● Problem statement
Everything in the records should be repeated exactly, down to the last character.

● Extracted material
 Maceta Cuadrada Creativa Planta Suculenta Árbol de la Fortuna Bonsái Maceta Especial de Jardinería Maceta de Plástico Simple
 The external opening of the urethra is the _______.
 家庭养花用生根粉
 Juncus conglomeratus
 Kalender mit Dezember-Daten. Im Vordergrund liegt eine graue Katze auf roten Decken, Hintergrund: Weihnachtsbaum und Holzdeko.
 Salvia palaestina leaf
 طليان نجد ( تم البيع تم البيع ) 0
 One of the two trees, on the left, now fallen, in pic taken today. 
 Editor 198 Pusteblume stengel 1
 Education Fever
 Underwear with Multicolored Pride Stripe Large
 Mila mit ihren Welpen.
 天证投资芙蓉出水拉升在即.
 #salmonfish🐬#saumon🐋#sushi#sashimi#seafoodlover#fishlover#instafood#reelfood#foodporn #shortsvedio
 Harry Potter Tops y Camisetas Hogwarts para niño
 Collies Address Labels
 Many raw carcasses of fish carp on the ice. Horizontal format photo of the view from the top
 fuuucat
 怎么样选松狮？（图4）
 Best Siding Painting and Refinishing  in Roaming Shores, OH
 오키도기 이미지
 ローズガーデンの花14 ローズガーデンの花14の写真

● Answer space
 Maceta Cuadrada Creativa Planta Suculenta Árbol de la Fortuna Bonsái Maceta Especial de Jardinería Maceta de Plástico Simple
 The external opening of the urethra is the _______.
 家庭养花用生根粉
 Juncus conglomeratus
 Kalender mit Dezember-Daten. Im Vordergrund liegt eine graue Katze auf roten Decken, Hintergrund: Weihnachtsbaum und Holzdeko.
 Salvia palaestina leaf
 طليان نجد ( تم البيع تم البيع ) 0
 One of the two trees, on the left, now fallen, in pic taken today. 
 Editor 198 Pusteblume stengel 1
 Education Fever
 Underwear with Multicolored Pride Stripe Large
 Mila mit ihren Welpen.
 天证投资芙蓉出水拉升在即.
 #salmonfish🐬#saumon🐋#sushi#sashimi#seafoodlover#fishlover#instafood#reelfood#foodporn #shortsvedio
 Harry Potter Tops y Camisetas Hogwarts para niño
 Collies Address Labels
 Many raw carcasses of fish carp on the ice. Horizontal format photo of the view from the top
 fuuucat
 怎么样选松狮？（图4）
 Best Siding Painting and Refinishing  in Roaming Shores, OH
 오키도기 이미지
 ローズガーデンの花14 ローズガーデンの花14の写真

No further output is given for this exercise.